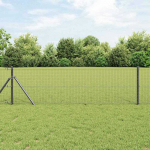 Suvirinto vielos tvoros Pilka 0.6 x 25 m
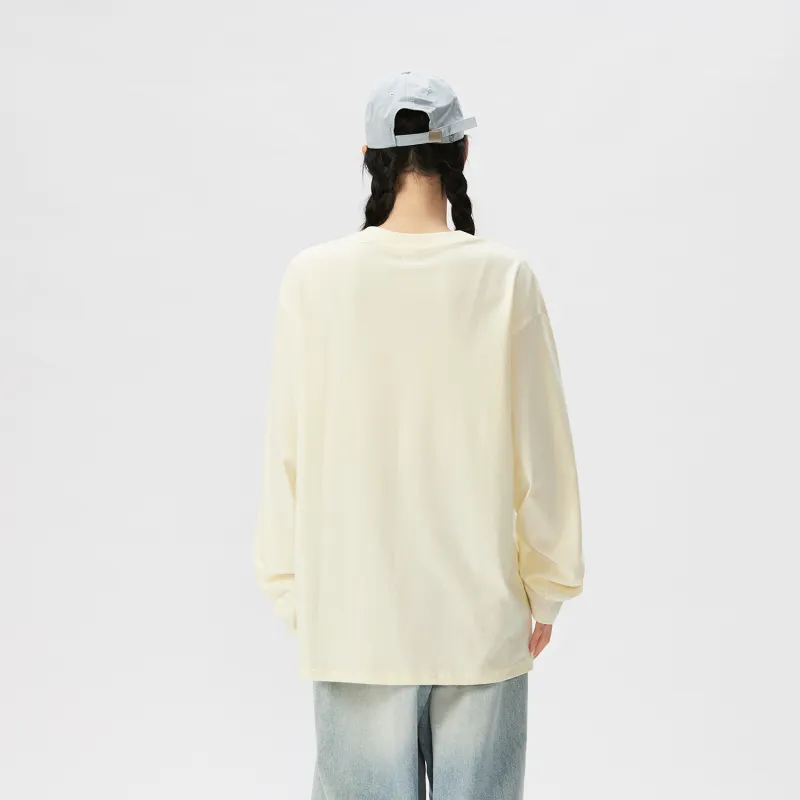 MIIOW Long Sleeved T Shirts Unisex-15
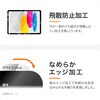 SSK-ITM22FGH iPad 11インチ (A16)/iPad 10.9インチ (第10世代) ガラスフィルム 貼りつけキット付き 光沢 高硬度9H 指紋防止 Smart Stock 80792121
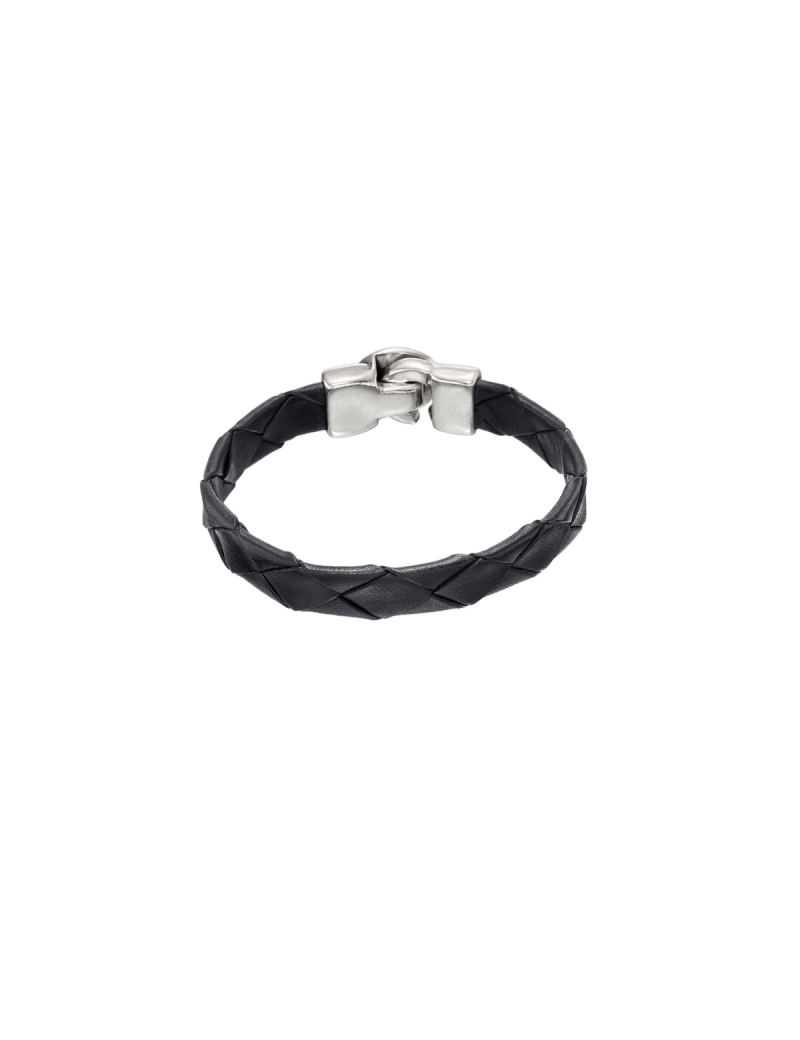 pulsera-uno-de-50-hombre-cuero-trenzado-negro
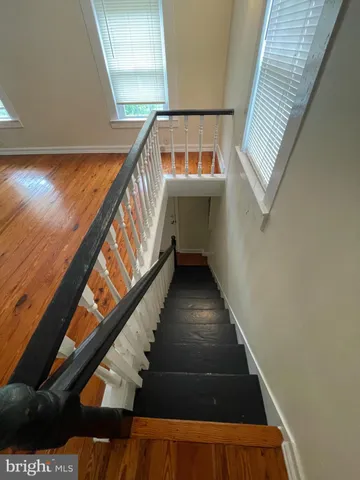 a view of an entryway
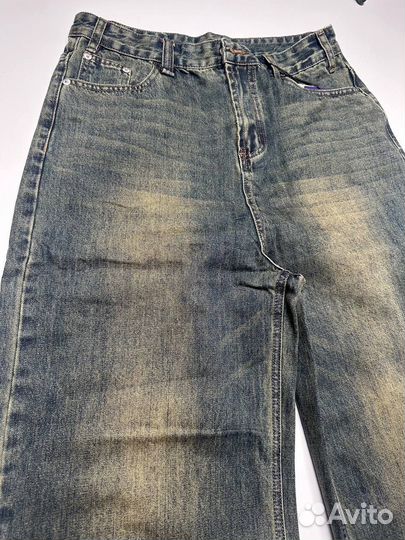 Широкие джинсы Jaded London y2k Opium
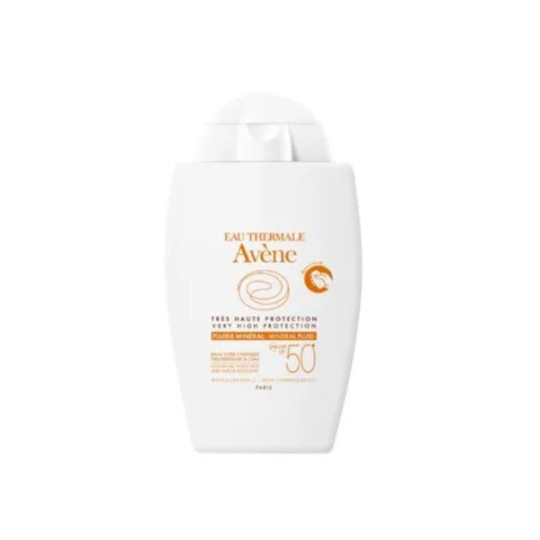 AVENE SOLAR LB FLUIDO MINERAL SPF 50 40 ML PERCOS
......
§ **INSTRUCTIONS FOR THE TASK**: Starting at the line that contains "MIIOW Long Sleeved T Shirts Unisex-15" and ending with the last line of the data, transcribe every line exactly; skip the pictures.

§ **EXERCISE OUTPUT**:
 MIIOW Long Sleeved T Shirts Unisex-15
 SSK-ITM22FGH iPad 11インチ (A16)/iPad 10.9インチ (第10世代) ガラスフィルム 貼りつけキット付き 光沢 高硬度9H 指紋防止 Smart Stock 80792121
 pulsera-uno-de-50-hombre-cuero-trenzado-negro
 a view of an entryway
 Широкие джинсы Jaded London y2k Opium
 AVENE SOLAR LB FLUIDO MINERAL SPF 50 40 ML PERCOS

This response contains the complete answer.